Tuesday, 9 April 2019

The Eighteenth Emergency.

..you just never know what you are going to come across when you go on a book trek, searching for old books. There are all sorts of memories and associations to be had, nearly always unexpected. I very rarely come home with what I set out to find, it is nearly always something I was not thinkling off which seemed to leap up and declare itself ready for me.
              For instance, check this out; The Eighteenth Emergency by Betsy Byars. Many, many years ago I followed a reading of this story for a week on BBC1 on the television show Jackanory, a children's programme that involved some one reading a book over the course of five days. It was usually an actor or some well known television personalities stretching themselves( the word "celebrity" had some actual meaning then I suppose..) as they performed the story. I was really enjoying this particular story as it involved a boy called Mouse who seemed to spend every minute of his day in the outside world ducking a school bully called Hammerman.

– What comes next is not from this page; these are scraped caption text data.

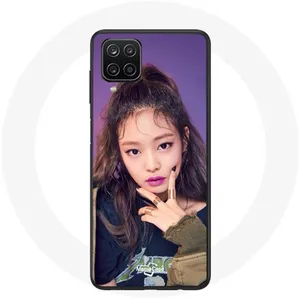 Coque pour Samsung Galaxy A12 Blackpink Kim Jennie Maniacase pas cher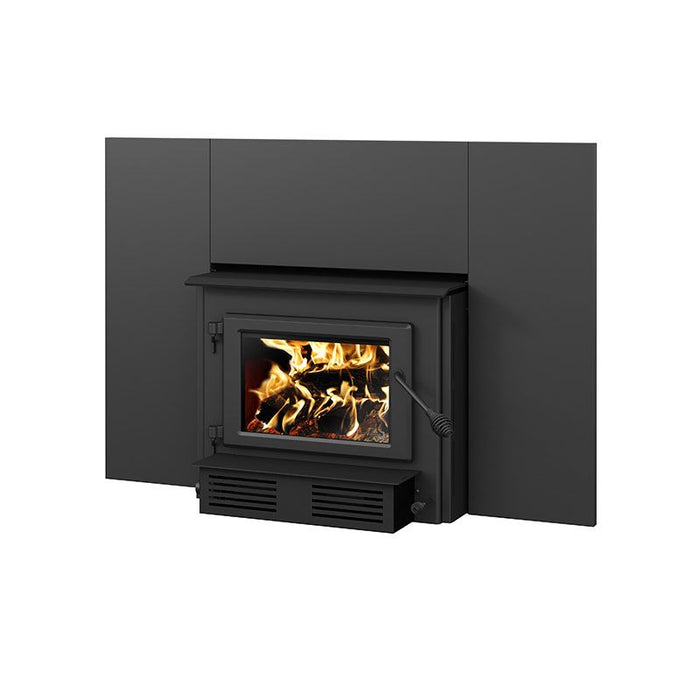 Century Heating CW2900 Wood Stove + Faceplate CB00022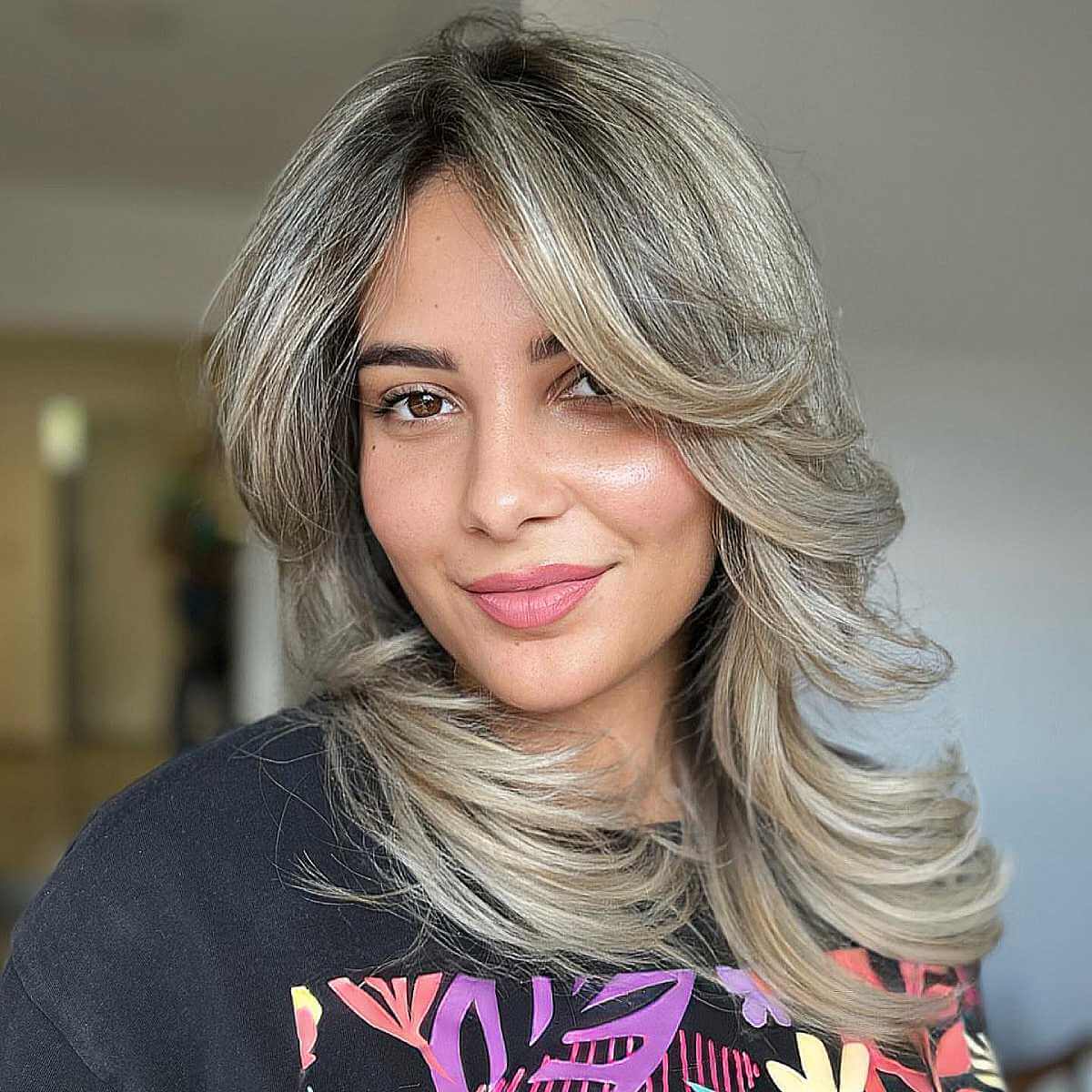 61 Straight Layered Hair Ideas for All Lengths and Textures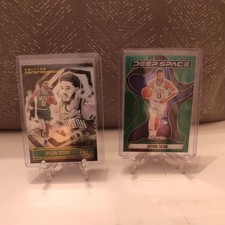 2021-22 Illusions Basketball Jayson Tatum, Deep space green tatum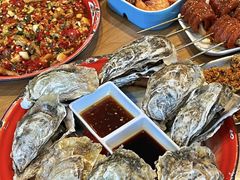 -华府九号海鲜烧烤大排档(龙域店)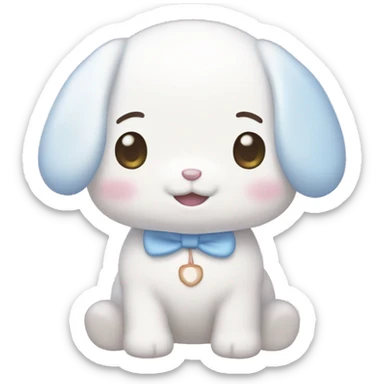 Cinnamoroll Sanrio  sticker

             I empathised. I could have turned dodging bullies into an Olympic sport. I can imagine it too, not being able to climb the podium because a horde of bullies want to hang me out a window by my ankles or dump me in the school sandpit. Both of which experiences I survived. Although beaches have an unusual resonance for me as does being hung upside down over perilous heights.
             This was in the seventies. A decade from the tail end of another century from which I sprung. Only for whatever reason I missed the last part. I was eleven years old and I never found out how it ended, how Mouse dealt with his bully..Until now that is. The copy of this Puffin paperback seemed to wave to me with its delightful Quentin Blake cover and I thought;"At last, after forty four years I will learn how to stand up to a bully.
               And you can too.
               Although you will have to read the book.
               Do not leave it as long as I did though.